Member of the Grand National Assembly
- In office 23 June 2015 – 14 May 2023
- Constituency: Tunceli (June 2015, Nov 2015, 2018)

Personal details
- Born: 27 December 1967 (age 57) Nazımiye, Turkey
- Political party: HDP

= Alican Önlü =

Kurdish politician (born 1967)

Alican Önlü (born 27 December 1967, Nazimye, Turkey) is a Turkish politician of Kurdish origin of the Peoples Democratic Party (HDP) and a member of the Grand National Assembly of Turkey. Throughout his political career he was a politician in a variety of parties such as the Democracy Party (DEP) and the Democratic Society Party (DTP).

== Political career ==
Önlü is a Kurdish politician of the Alevi faith and has been active in several political parties. Beginning with the People's Labour Party (HEP) he later joined the DEP, the People's Labor Party (HEP), the People's Democracy Party (HADEP), then the Democratic Society Party (DTP) and the Democratic Regions Party (DBP) before he joined the HDP. He was active in the Istanbul branch for the HADEP and the Democratic People's Party (DEHAP) in Tunceli. In the parliamentary elections of June 2015 Önlü was elected to the Grand National Assembly of Turkey, representing Tunceli for the Peoples Democratic Party (HDP). He was reelected in the snap elections of November 2015 and also in June 2018.

=== Prosecution ===
He was arrested in December 2016 and accused of being involved in the Kurdistan Communities Union (KCK) which Turkey sees as an extension of the Kurdistan Workers' Party (PKK). He was released in March 2017 pending trial. In a separate case, he was sentenced to one year and six months imprisonment for spreading propaganda for the PKK on terror related charges in February 2019. The KCK case was treated as part of the KCK mail trail and as of September 2019, the case was still ongoing.

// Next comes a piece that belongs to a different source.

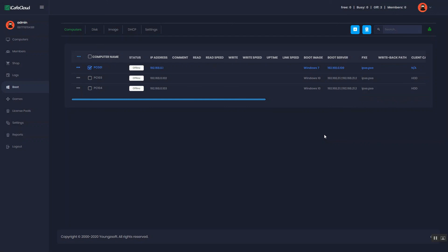In this way, you can add PC and edit the PC details on CCBootCloud. Thank you for watching. See you in the next video.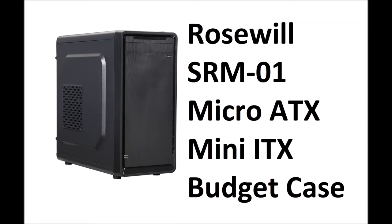Hey guys, it's Reviews and More back with a quick tech review on the Rosewill SRM-01 Micro ATX Mini ITX Budget Case. Before I begin with the actual unboxing review, please subscribe to my channel or give a thumbs up or both to the video if you like it and find it helpful.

On the 17 March 2021, the State Prosecutor before the Court of Cassation of Turkey Bekir Şahin filed a lawsuit before the Constitutional Court demanding for Önlü and 686 other HDP politicians a five-year ban to engage in politics. The lawsuit was filed jointly with a request for a closure of the HDP due to the parties alleged organizational links with the PKK.

== Personal life ==
He is married and the father of two children.